The conversion of raw data into a form that will make it easy to understand & interpret, ie., rearranging, ordering, and manipulating data to provide insightful information about the provided data.

Descriptive Analysis is the type of analysis of data that helps describe, show or summarize data points in a constructive way such that patterns might emerge that fulfill every condition of the data.

It gives you a conclusion of the distribution of your data, helps you detect typos and outliers, and enables you to identify similarities among variables, thus making you ready for conducting further statistical analyses.

Techniques

Data aggregation and data mining are two techniques used in descriptive analysis to churn out historical data. In Data aggregation, data is first collected and then sorted in order to make the datasets more manageable.

Descriptive techniques often include constructing tables of quantiles and means, methods of dispersion such as variance or standard deviation, and cross-tabulations or “crosstabs” that can be used to carry out many disparate hypotheses. These hypotheses often highlight differences among subgroups.

Measures like segregation, discrimination, and inequality are studied using specialised descriptive techniques. Discrimination is measured with the help of audit studies or decomposition methods. More segregation on the basis of type or inequality of outcomes need not be wholly good or bad in itself, but it is often considered a marker of unjust social processes; accurate measurement of the different steps across space and time is a prerequisite to understanding these processes.

A table of means by subgroup is used to show important differences across subgroups, which mostly results in inference and conclusions being made. When we notice a gap in earnings, for example, we naturally tend to extrapolate reasons for those patterns complying.

But this also enters the province of measuring impacts which requires the use of different techniques. Often, random variation causes difference in means, and statistical inference is required to determine whether observed differences could happen merely due to chance.

A crosstab or two-way tabulation is supposed to show the proportions of components with unique values for each of two variables available, or cell proportions. For example, we might tabulate the proportion of the population that has a high school degree and also receives food or cash assistance, meaning a crosstab of education versus receipt of assistance is supposed to be made.

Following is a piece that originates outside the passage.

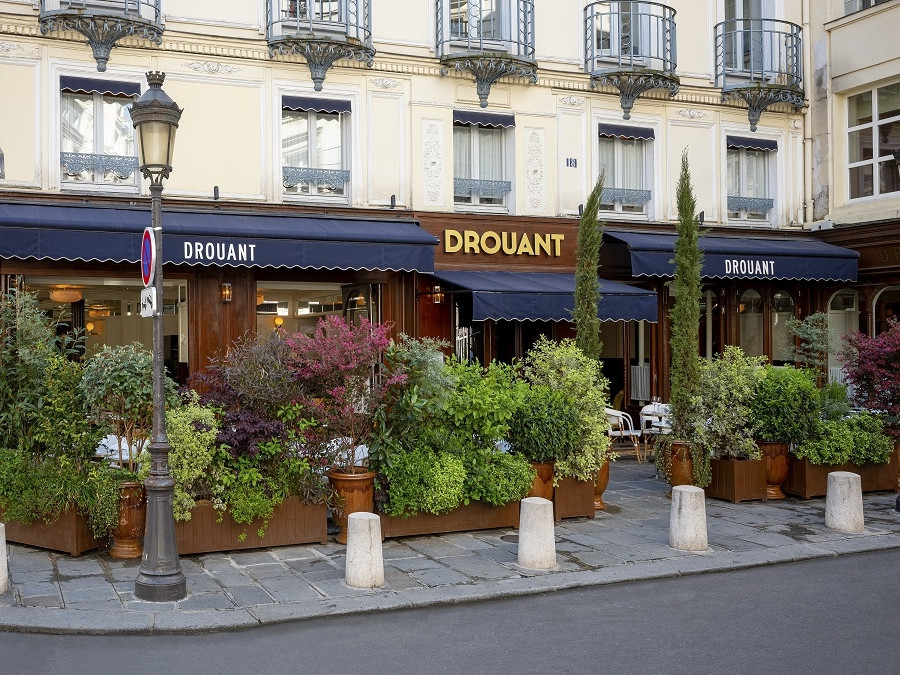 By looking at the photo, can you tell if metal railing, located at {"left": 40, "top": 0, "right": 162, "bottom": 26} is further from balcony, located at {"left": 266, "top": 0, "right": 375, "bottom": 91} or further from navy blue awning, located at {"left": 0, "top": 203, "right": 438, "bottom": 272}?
navy blue awning, located at {"left": 0, "top": 203, "right": 438, "bottom": 272}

Then we might also want to examine row proportions, or the fractions in each education group who receive food or cash assistance, perhaps seeing assistance levels dip extraordinarily at higher education levels.

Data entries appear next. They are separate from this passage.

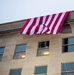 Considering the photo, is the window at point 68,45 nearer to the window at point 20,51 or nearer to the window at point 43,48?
the window at point 43,48

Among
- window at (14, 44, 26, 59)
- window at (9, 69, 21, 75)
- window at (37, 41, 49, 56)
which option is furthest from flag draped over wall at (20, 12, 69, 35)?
window at (9, 69, 21, 75)

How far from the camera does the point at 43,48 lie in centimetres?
2042

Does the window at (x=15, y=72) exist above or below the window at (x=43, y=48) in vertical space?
below

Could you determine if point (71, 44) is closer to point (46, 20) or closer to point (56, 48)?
point (56, 48)

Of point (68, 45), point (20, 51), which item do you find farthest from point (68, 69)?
point (20, 51)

Column proportions can also be examined, for the fraction of population with different levels of education, but this is the opposite from any causal effects. We might come across a surprisingly high number or proportion of recipients with a college education, but this might be a result of larger numbers of people being college graduates than people who have less than a high school degree.

Types of Descritive Analysis

Descriptive analysis can be categorized into four types which are measures of frequency, central tendency, dispersion or variation, and position. These methods are optimal for a single variable at a time.

Measures of Frequency

In descriptive analysis, it’s essential to know how frequently a certain event or response is likely to occur. This is the prime purpose of measures of frequency to make like a count or percent.

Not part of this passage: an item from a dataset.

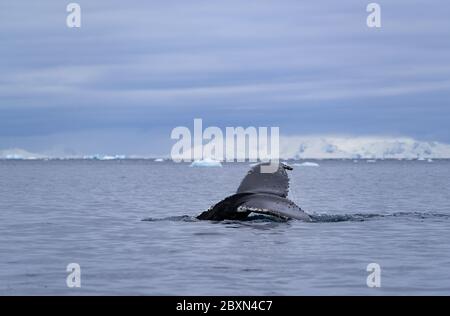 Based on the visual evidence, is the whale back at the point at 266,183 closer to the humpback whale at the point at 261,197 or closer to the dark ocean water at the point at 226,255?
the humpback whale at the point at 261,197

For example, consider a survey where 500 participants are asked about their favourite IPL team. A list of 500 responses would be difficult to consume and accommodate, but the data can be made much more accessible by measuring how many times a certain IPL team was selected.

Measures of Central Tendency

In descriptive analysis, it’s also important to find out the Central (or average) Tendency or response. Central tendency is measured with the use of three averages — mean, median, and mode. As an example, consider a survey in which the weight of 1,000 people is measured. In this case, the mean average would be an excellent descriptive metric to measure mid-values.

Measures of Dispersion

Sometimes, it is important to know how data is divided across a range. To elaborate this, consider the average weight in a sample of two people. If both individuals are 60 kilos, the average weight will be 60 kg. However, if one individual is 50 kg and the other is 70 kg, the average weight is still 60 kg. Measures of dispersion like range or standard deviation can be employed to measure this kind of distribution.

Measures of Position

Descriptive analysis also involves identifying the position of a single value or its response in relation to others. Measures like percentiles and quartiles become very useful in this area of expertise.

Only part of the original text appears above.